Trump's public broadside against major banks over the Stablecoin One dispute — posted on Truth Social — served as another significant catalyst for crypto markets during the conversation. Hougan noted that prediction market platform Polymarket saw the odds of the GENIUS/Clarity Act passing jump from 62% to 78% almost immediately following Trump's post. Bitcoin was trading around $73,000 to $74,000 at the time of recording, up roughly seven to eight percent on the day, with Ethereum slightly outperforming Bitcoin — a signal Hougan interpreted as the market pricing in stablecoin-specific legislation momentum. He framed Trump's intervention as forcing the banks into a defensive posture, making negotiation more likely than continued obstruction, since the banks now faced a worse outcome than what they had at the start of the dispute.

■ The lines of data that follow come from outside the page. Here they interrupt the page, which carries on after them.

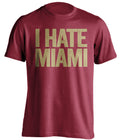 i hate miami red tshirt for fsu seminoles fan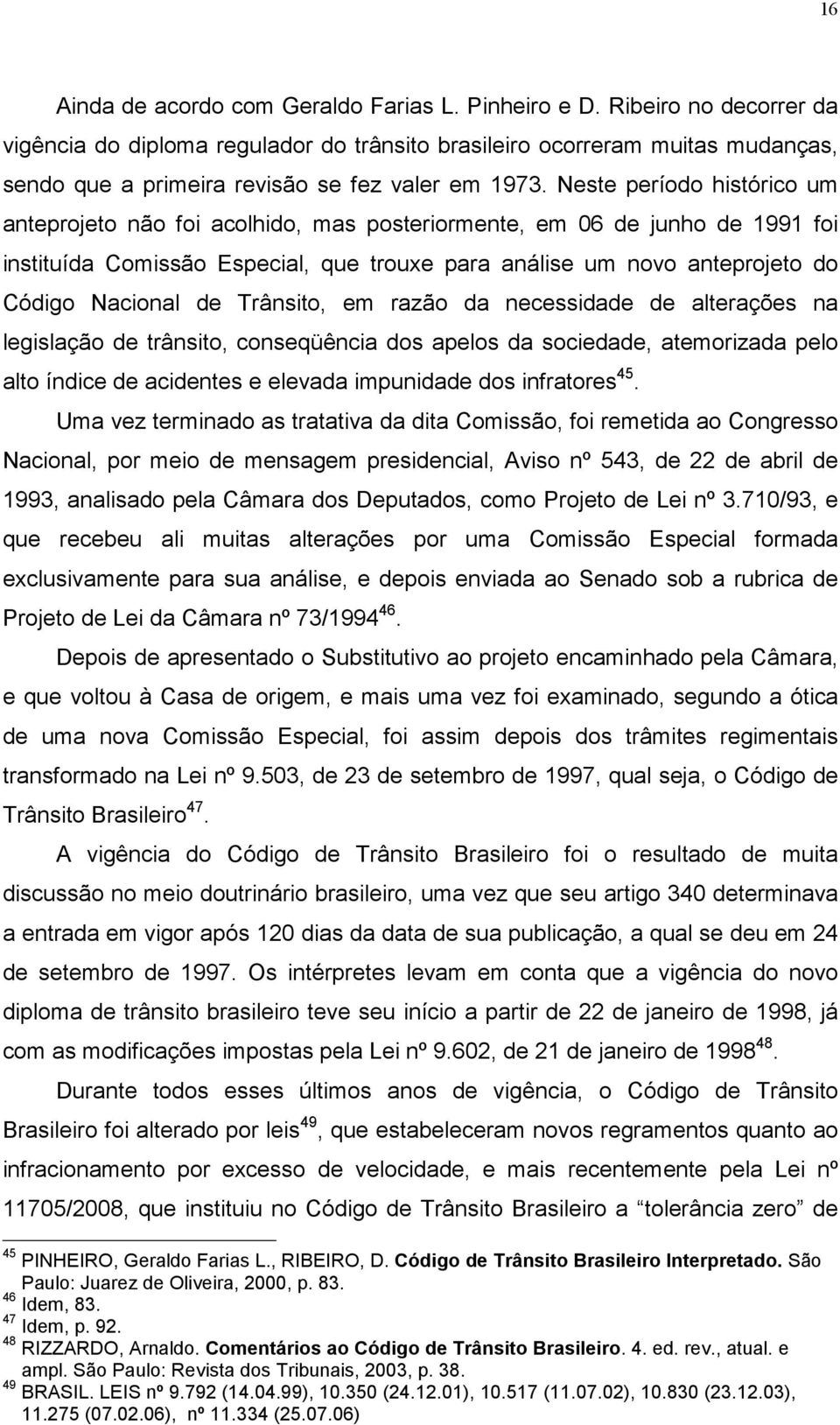 Neste período histórico um anteprojeto não foi acolhido, mas posteriormente, em 06 de junho de 1991 foi instituída Comissão Especial, que trouxe para análise um novo anteprojeto do Código Nacional de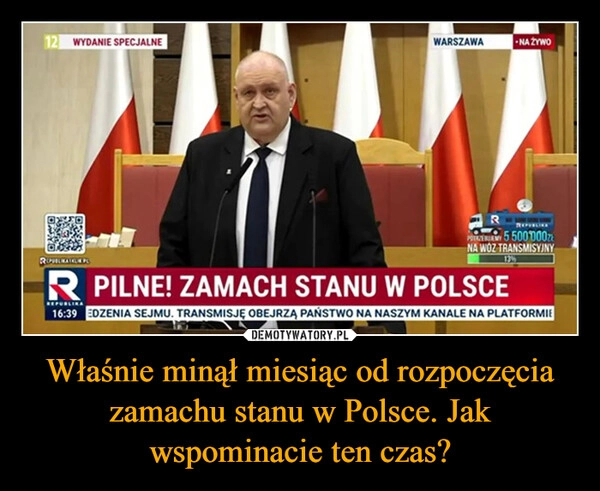 
    Właśnie minął miesiąc od rozpoczęcia zamachu stanu w Polsce. Jak wspominacie ten czas?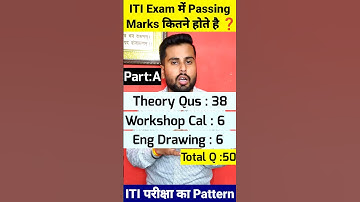 ITI Exam me Pass hone ke liye kitne Number chahiye ❓ ITI Exam Pattern 2025 ✅ ITI Exam Passing Marks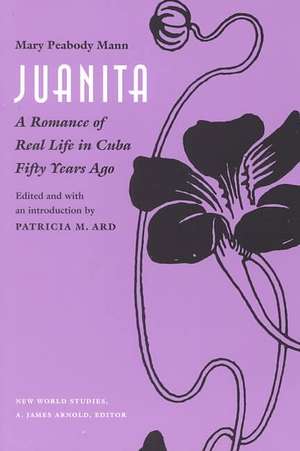 Juanita: A Romance of Real Life in Cuba Fifty Years Ago, de Mary Tyler Peabody Mann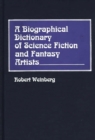 A Biographical Dictionary of Science Fiction and Fantasy Artists - Book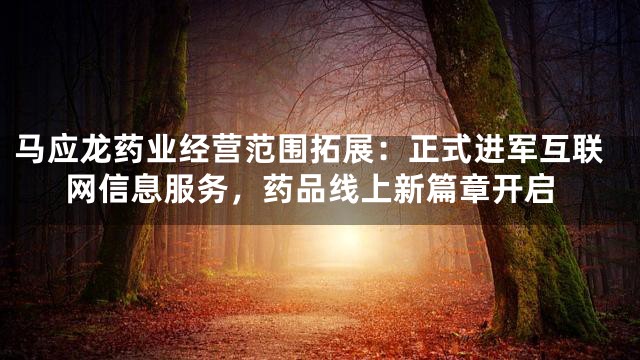 马应龙药业经营范围拓展：正式进军互联网信息服务，药品线上新篇章开启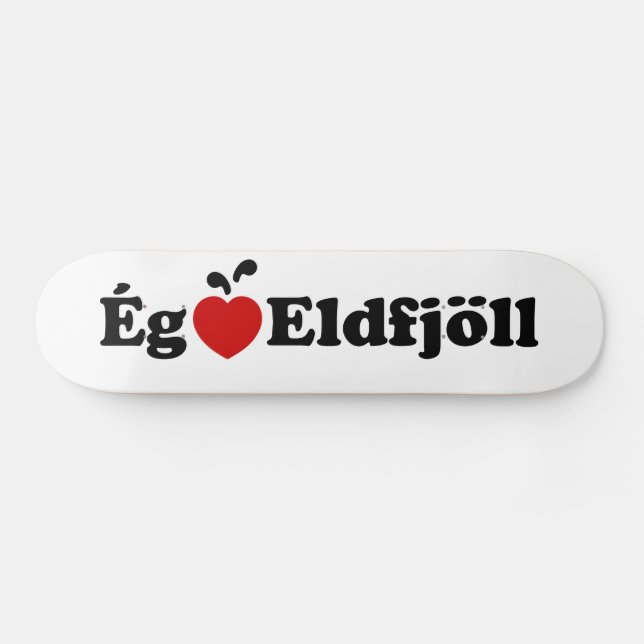 I Heart (Love) Volcanoes [Ég Elska Eldfjöll] Skateboard (Horz)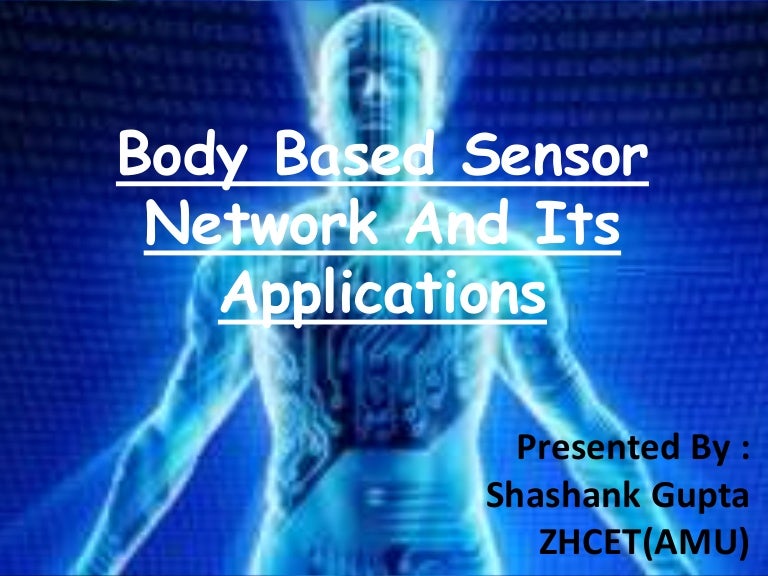 Body based sensor network and its applications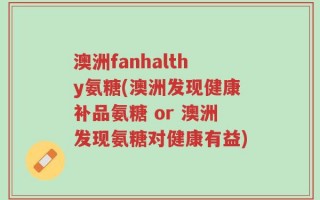 澳洲fanhalthy氨糖(澳洲发现健康补品氨糖 or 澳洲发现氨糖对健康有益)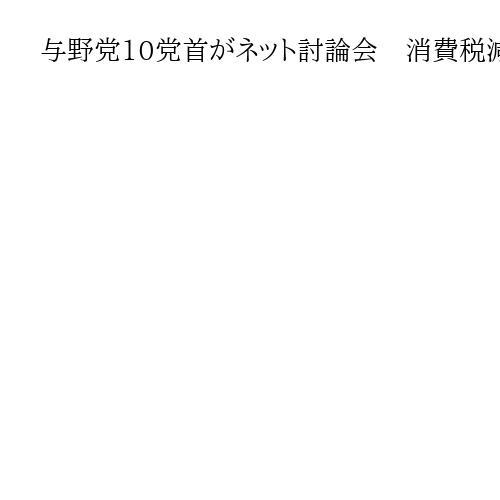 与野党10党首がネット討論会　消費税減税で応酬　辺野古移設で中道・野田氏に疑問集中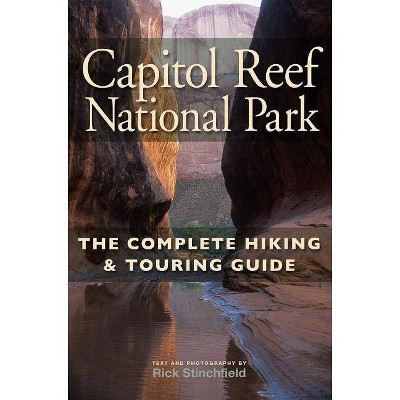 Capitol Reef National Park - by  Rick Stinchfield (Paperback)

On the question of Bitcoin ETF inflows, Hougan pushed back on the narrative that institutional interest had evaporated during the market downturn. He broke down Bitcoin ETF investors into three distinct groups: hedge funds running the basis trade, attention-driven retail and momentum investors, and long-term strategic allocators. His view was that the long-term allocators had been quietly accumulating throughout the pullback, and that what the market was now seeing was the basis trade returning alongside renewed attention flows. He credited this long-term allocator base — which he colloquially referred to as "boomers" — as the primary reason Bitcoin had not fallen 75% or more from its highs. With Bitcoin down roughly 22% on the year at the time of recording, Hougan expressed confidence that the asset was in a bottoming phase, though he acknowledged further pullbacks were possible.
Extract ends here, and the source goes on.